Trying to get the derivative of $(X \beta)^t (X \beta)$, where $X$ is an NxP matrix, and $\beta$ is a Px1 vector, and t means transpose.
What is the derivative of $(X \beta)^t (X \beta)$
-
0What is the variable and what is the constant? – 2017-01-14
3 Answers
Using the Matrix Cookbook (PDF):
Derivative with respect to $X$ is $2X\beta \beta^\top$; see (77).
Derivative with respect to $\beta$ is $2X^\top X \beta$; see (81).
By hand:
Derivative with respect to $\beta$: let $A:=X^\top X$, and note $\beta^\top A \beta = \sum_i \sum_j A_{ij} \beta_i \beta_j$. The partial derivative with respect to $\beta_k$ is $2 \sum_{i \ne k} A_{ik} \beta_i + 2A_{kk}\beta_k = 2 \sum_i A_{ik} \beta_i$, so the derivative with respect to $\beta$ is $2A\beta$.

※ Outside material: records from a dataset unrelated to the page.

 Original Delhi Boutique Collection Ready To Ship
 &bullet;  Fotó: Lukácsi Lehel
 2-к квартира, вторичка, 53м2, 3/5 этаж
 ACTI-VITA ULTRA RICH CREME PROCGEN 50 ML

Derivative with respect to $X$: let $B=\beta\beta^\top$ and note $(X\beta)^\top (X\beta) = Tr(X BX^\top) = \sum_i x_i^\top B x_i$, where $x_i^\top$ is the $i$th row of $X$. By using the result of the previous paragraph and transposing, we see that the derivative with respect to $x_i^\top$ is $(2B x_i)^\top=2x_i^\top B$. Then the derivative with respect to $X$ is $2XB$.

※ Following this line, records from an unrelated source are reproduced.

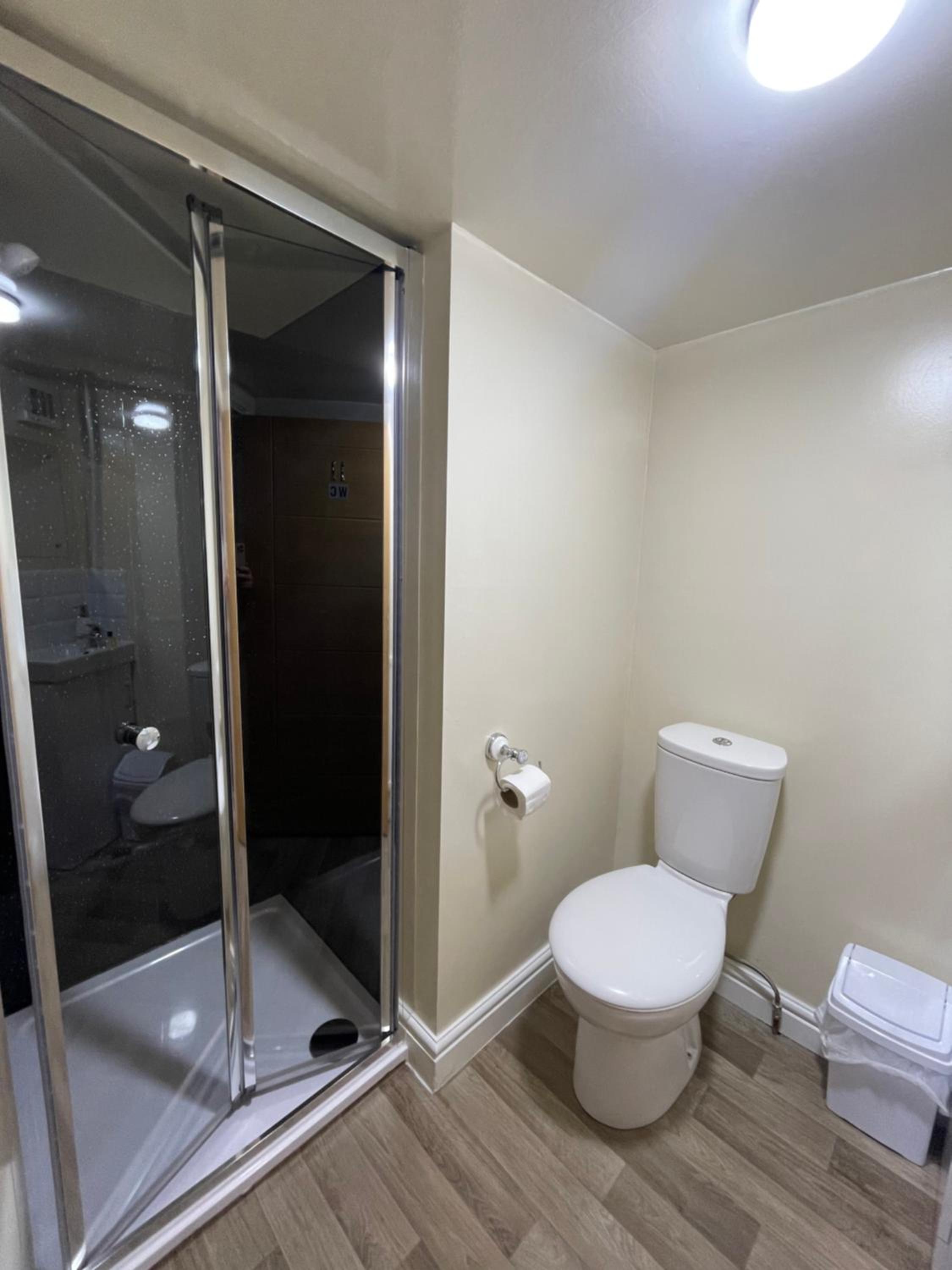 Budget Double Room photo 2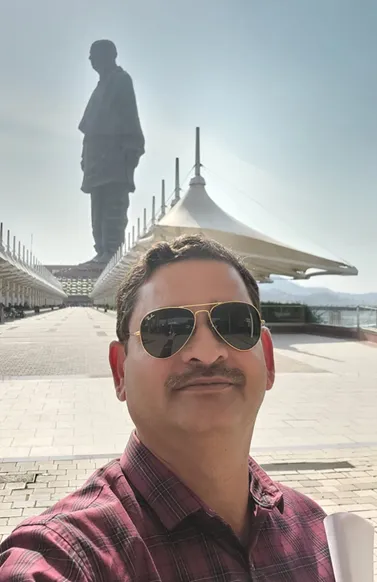 Bijoy Prasad Ratho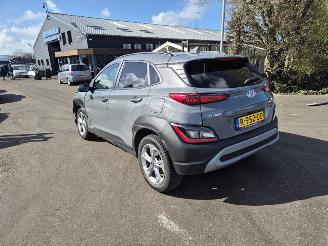 Hyundai Kona 1.0 T Hybrid picture 2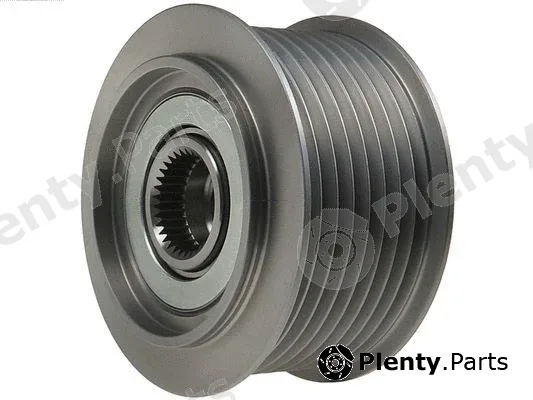 AS-PL AFP0098S — Alternator Freewheel Clutch Brand new | AS-PL | Alternator freewheel pulleys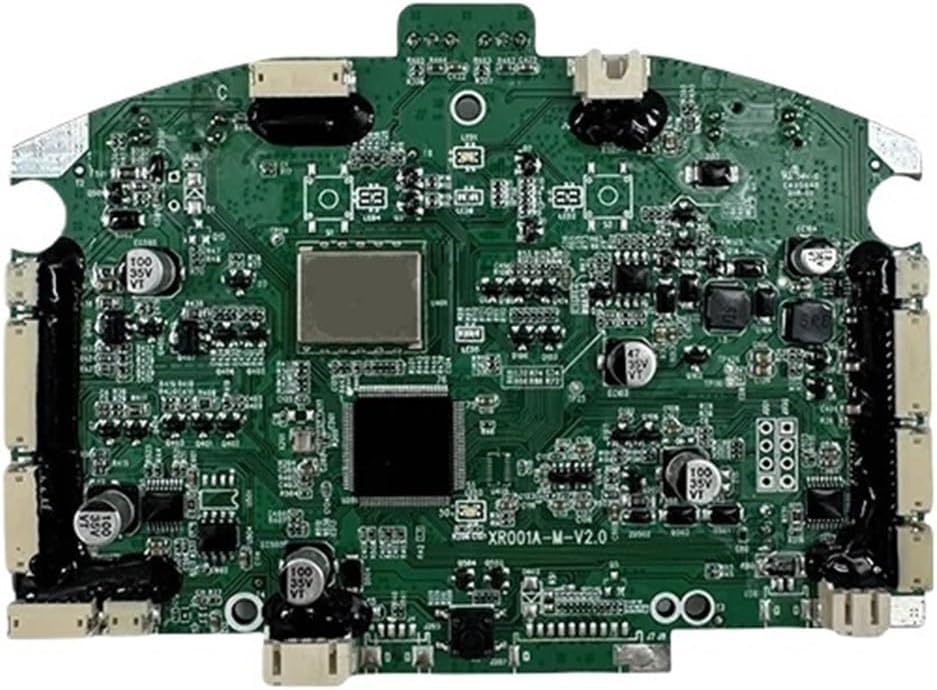 Robot Vacuum Cleaner Motherboard，Compatible for LIECTROUX ，C30B Parts Main Board Accessories Replacement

If $X$ is the variable, consider $f(X,Y)=(X\beta)^t(Y\beta)$, it is bilinear, so its derivative at $df_{(X,Y)}(U,V)=(U\beta)^t(Y\beta)+(X\beta)^t(V\beta)$.
This implies that the derivative of $g(X)=f(X,X)$ is $df_X(U)=(U\beta)^t(X\beta)+(X\beta)^t(U\beta)$.
Assuming that the context is Linear regression / Least squares.
Note that $(X\beta)'(X\beta) = \beta' X'X\beta$, denote $A=X'X$, hence you have a quadratic form $$ f(\beta) = \beta ' A \beta, $$ so, the gradient w.r.t $\beta$ is $$ \nabla f(\beta)=2A\beta . $$ You can derive the formula by writing $f(\beta) = \sum_{i=1}^p \sum _{j=1}^pa_{ij}\beta_i\beta_j = \sum_{i=1}^pa_{ii}\beta_i^2+2\sum_{i>j}^pa_{ij}\beta_i\beta_j$ and take derivative w.r.t each of the entries of $\beta$.